→ **PROBLEM DESCRIPTION**
Retype the entries, please, from their first line to the line containing "Kép 1/4 - SPECIALIZED", exactly and only those lines, minus the pictures.

(Captioned web images)
------------------------

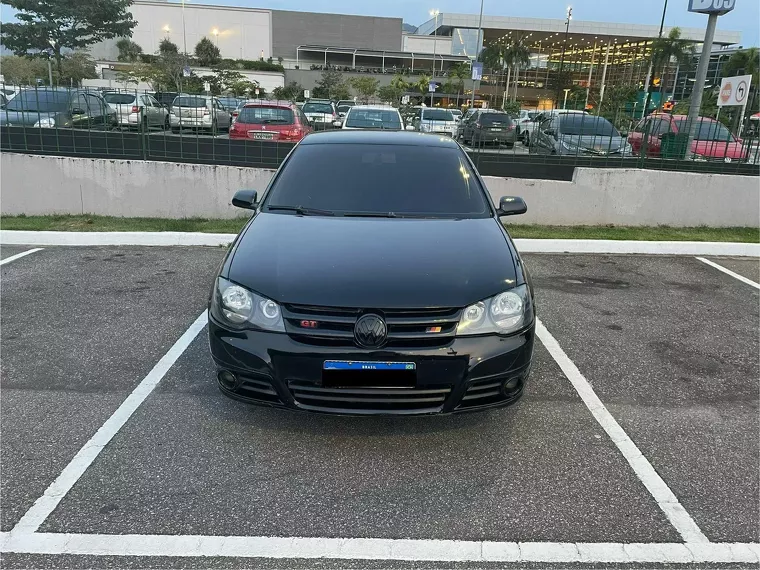 Volkswagen Golf Preto 3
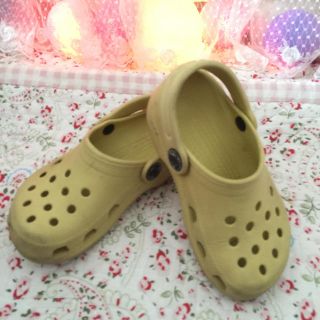 クロックス(crocs)のセール❣️✨crocsキッズクロックス♡キッズケイマン♡セージ8/9♡15.5✨(サンダル)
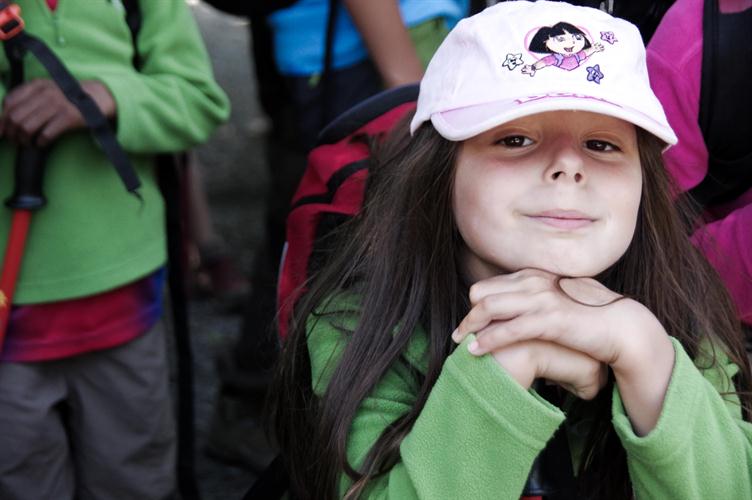 Alicia, la benjamine du groupe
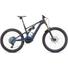 Kép 1/4 - SPECIALIZED 2022 S-Works Turbo Levo Carbon S4 Szín: Blue Ghost Gravity Fade / Black / Light Silver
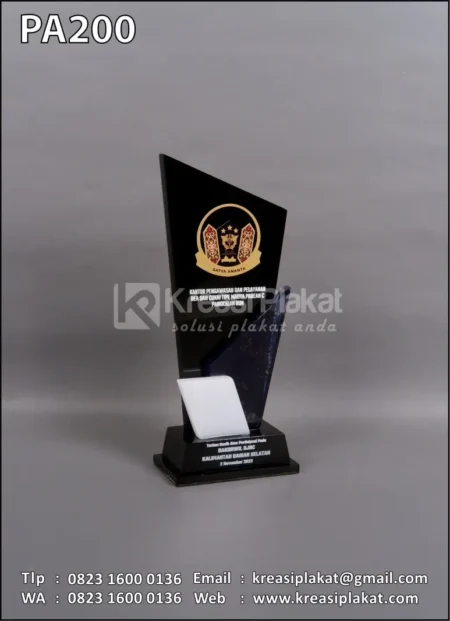 PA200 Plakat Akrilik Bea Cukai Pangkalan Bun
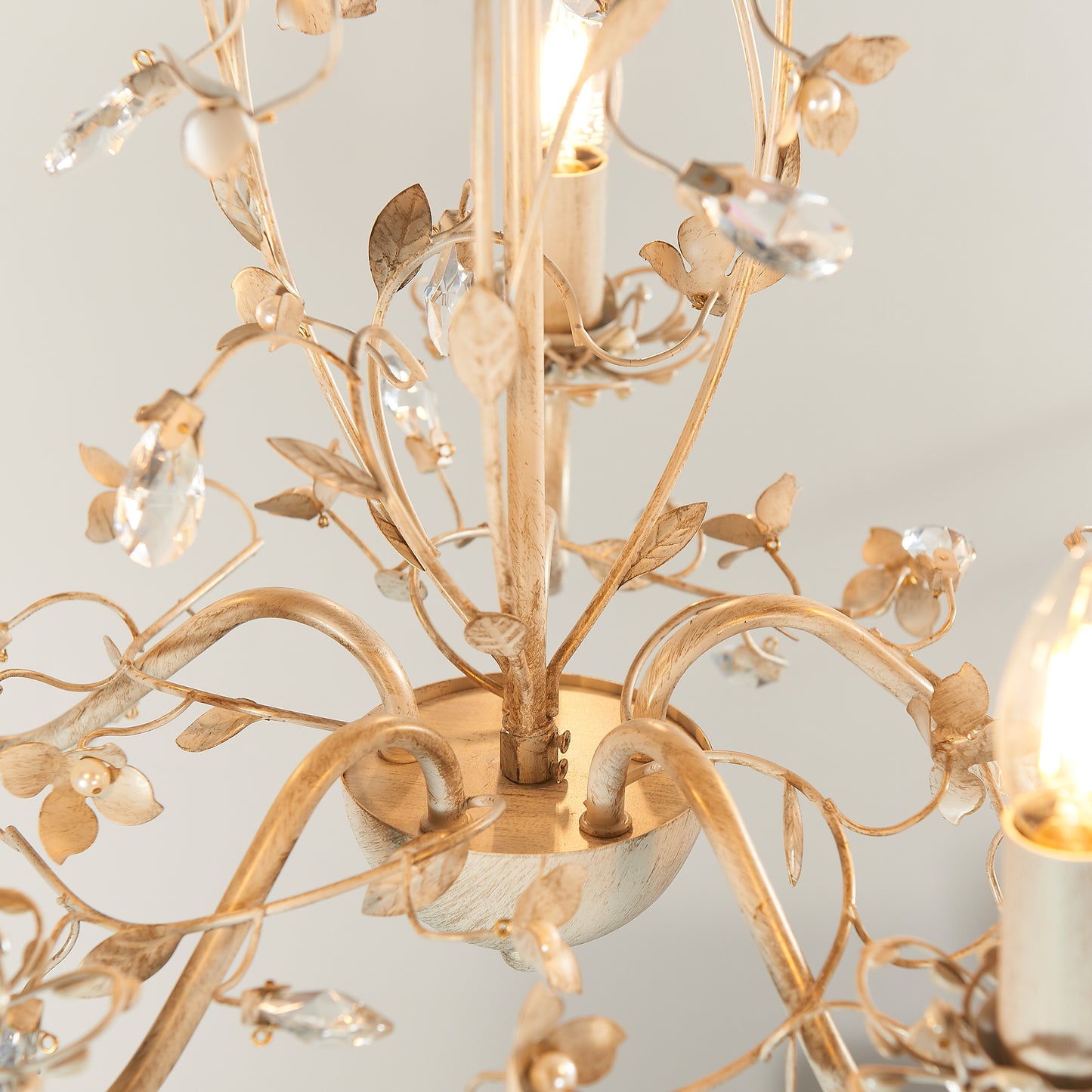 Lullaby 5 Pendant Light – Gold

------------------------

→ **WRITTEN RESPONSE**
 Volkswagen Golf Preto 3
 クロックス(crocs)のセール❣️✨crocsキッズクロックス♡キッズケイマン♡セージ8/9♡15.5✨(サンダル)
 Alicia, la benjamine du groupe
 Kép 1/4 - SPECIALIZED 2022 S-Works Turbo Levo Carbon S4 Szín: Blue Ghost Gravity Fade / Black / Light Silver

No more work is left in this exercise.